Operators discovered that the large tanks overtaxed the plant’s compressed air system, without completely resolving the problem. As a result, they were forced to continue manual cleaning, losing valuable production time as workers in protective gear braved the unpleasant conditions. In addition, because of the abrasive high-heat environment, the fan jet nozzles failed quickly. Replacing the nozzles required certified workers to enter the confined space, resulting in excessive downtime, and the frequent replacement disrupted and degraded the refractory lining. Managers sought a safer, more sustainable solution that effectively removed the build-up.
Martin Engineering India was invited to examine the issue and offer a solution. Technicians removed the large, unwieldy tanks and installed eight 70 l Martin® Typhoon Air Cannons, six fixed nozzles and two retractable nozzles. Using innovative core-drilling technology, the preheater tower remained operational as the holes were drilled and the Y-pipe assembly was welded to the duct wall.
“The Typhoon features a hybrid valve concept that provides more force with less air using only one line to fill the tank and trigger the valve. Mounted on a permanent Y-pipe assembly, the tank has an outer facing valve, allowing easy access for maintenance,” observed Flow Aids Business Leader Jayesh Patil. A flange secures the nozzle inside the assembly, making replacement and maintenance a one-person job with no system downtime. The retractable nozzles feature a 360° head that withdraws after firing, protecting it from abrasion and extreme temperatures.
After six months of operation, workers and managers report being very happy with the performance. “The higher-efficiency tanks have reduced the burden on the compressed air system by about 50%, allowing the plant to easily supply all of the new cannons,” Patil said. “The equipment life of the nozzles has also increased, while nozzle maintenance and replacement requires fewer man-hours, with no process downtime.” The plant subsequently placed an order for 21 more sets of cannons and nozzles for other locations in the process, as well as five extra nozzles to retrofit existing cannons.

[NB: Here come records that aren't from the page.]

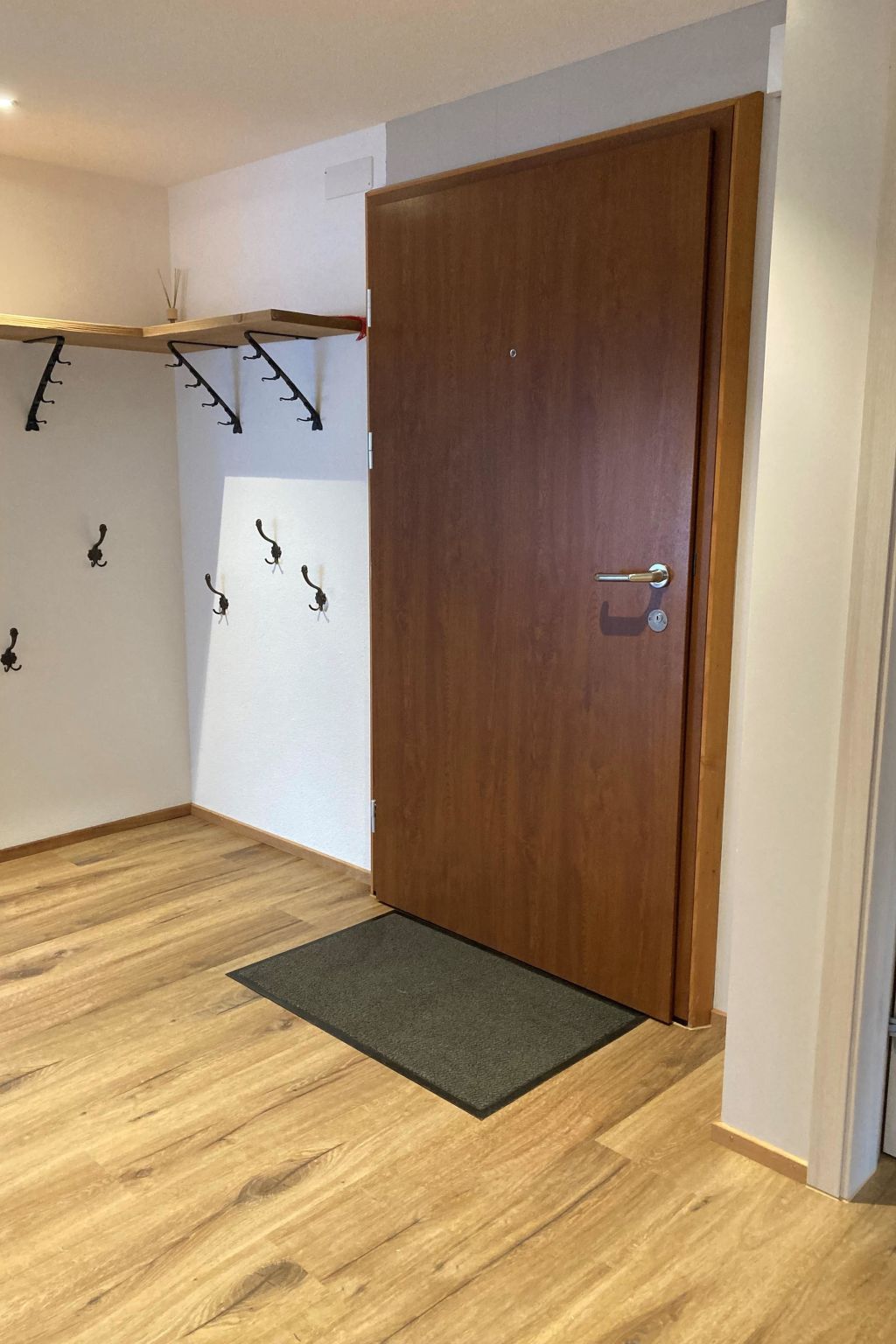 Aloa Appartement/Fewo, Bad, WC, 2 Schlafräume 3.5-Zimmerwohnung - Image-tags.info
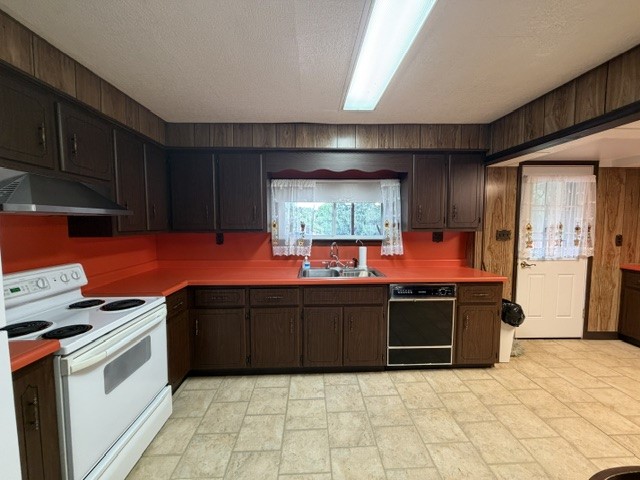 118 Moore Rd — photo 2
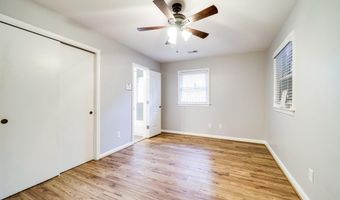 706 W GLEBE Rd, Alexandria, VA 22305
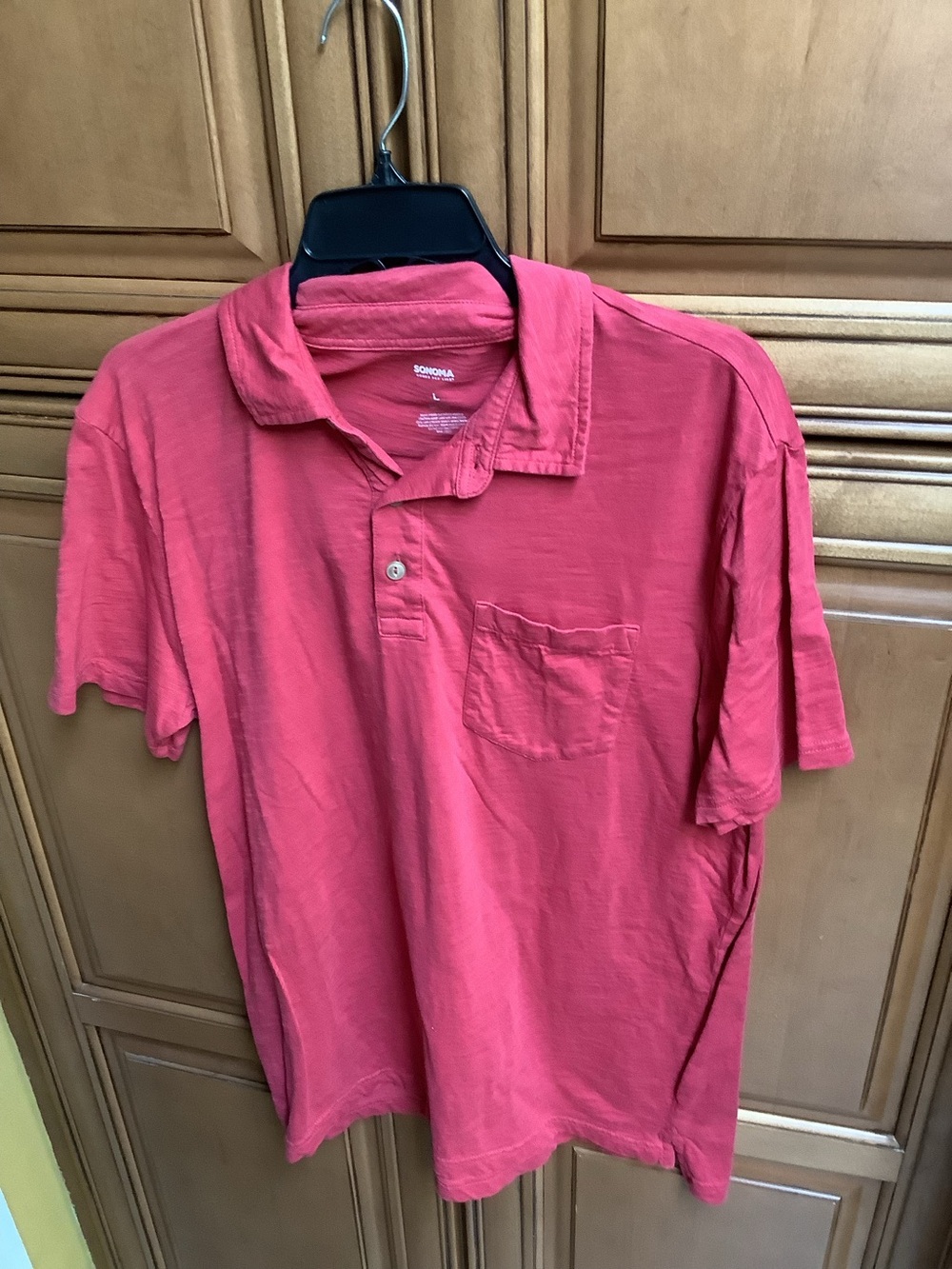 SONOMA MENS SHORT SLEEVE POLO SHIRT IN CORAL RED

“The safety and ease of maintenance have improved plant performance,” said an operator involved in the project. “The lower labor cost and increased uptime offer an excellent return on investment.”
Conclusion
Preheater tower downtime is costly in cement processing, both from a production and energy standpoint. Old air cannon solutions raise labor costs and put workers at potential risk in a daunting job that degrades morale. Operators are now able to implement a long-term strategy using modern air cannon technology that improves safety, mitigates downtime, increases efficiency and reduces the overall cost of operation.